Repeat the listing that follows character for character, omitting images.

● Data extract:

+++

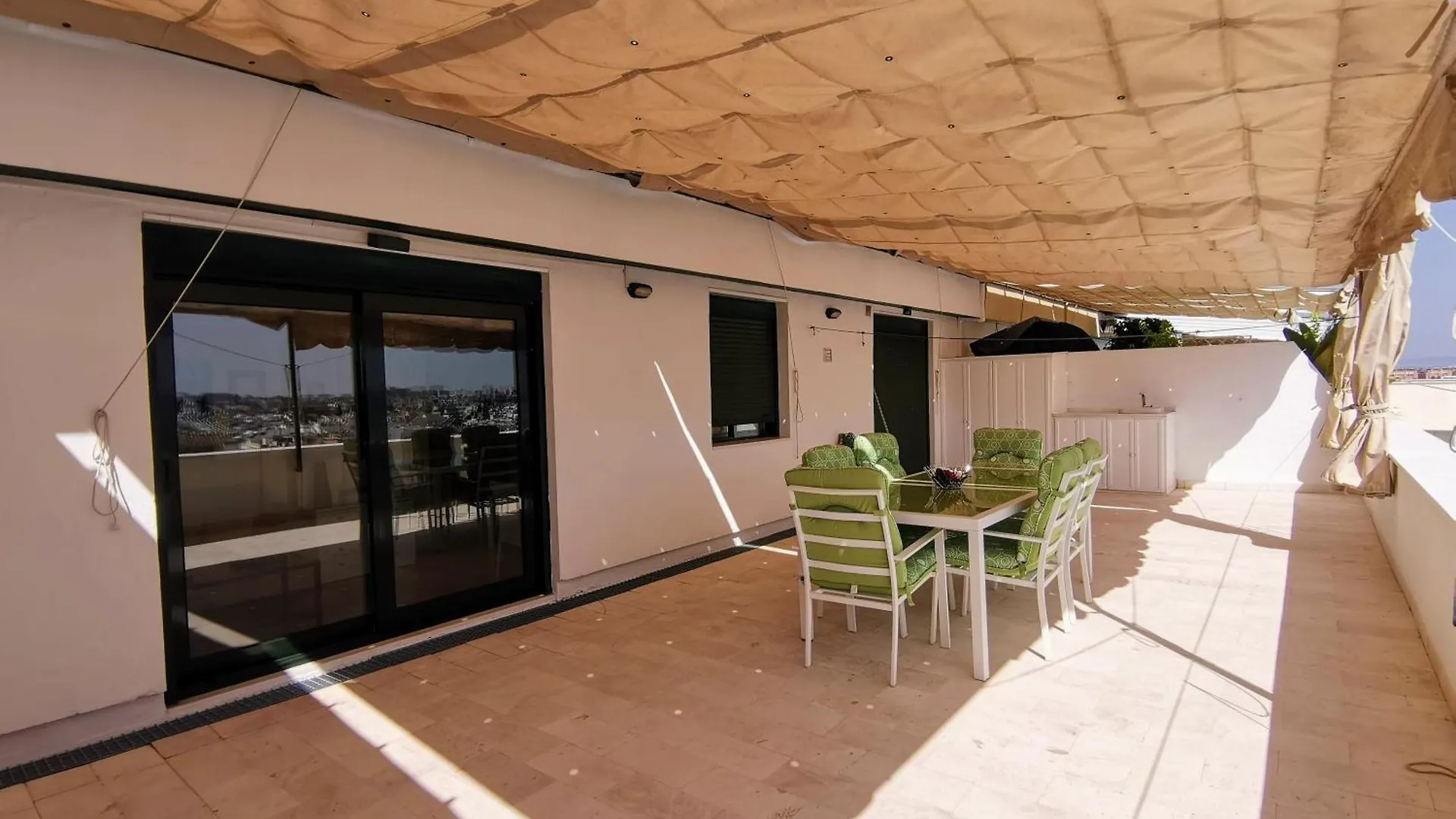 Daire Martin Villa Sevilla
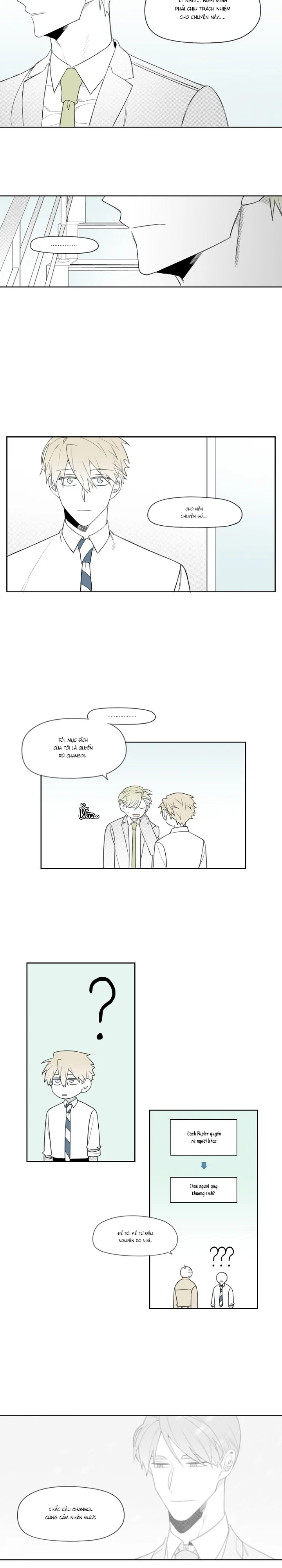 Quản Lý Của Park Han Hoo Chapter 33 Trang 3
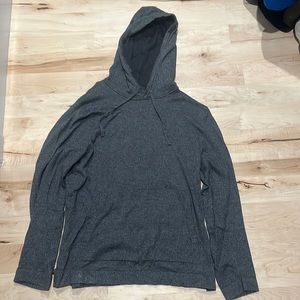 Large banana republic hoodie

+++

● Answer to the exercise:
 Daire Martin Villa Sevilla
 Quản Lý Của Park Han Hoo Chapter 33 Trang 3
 Large banana republic hoodie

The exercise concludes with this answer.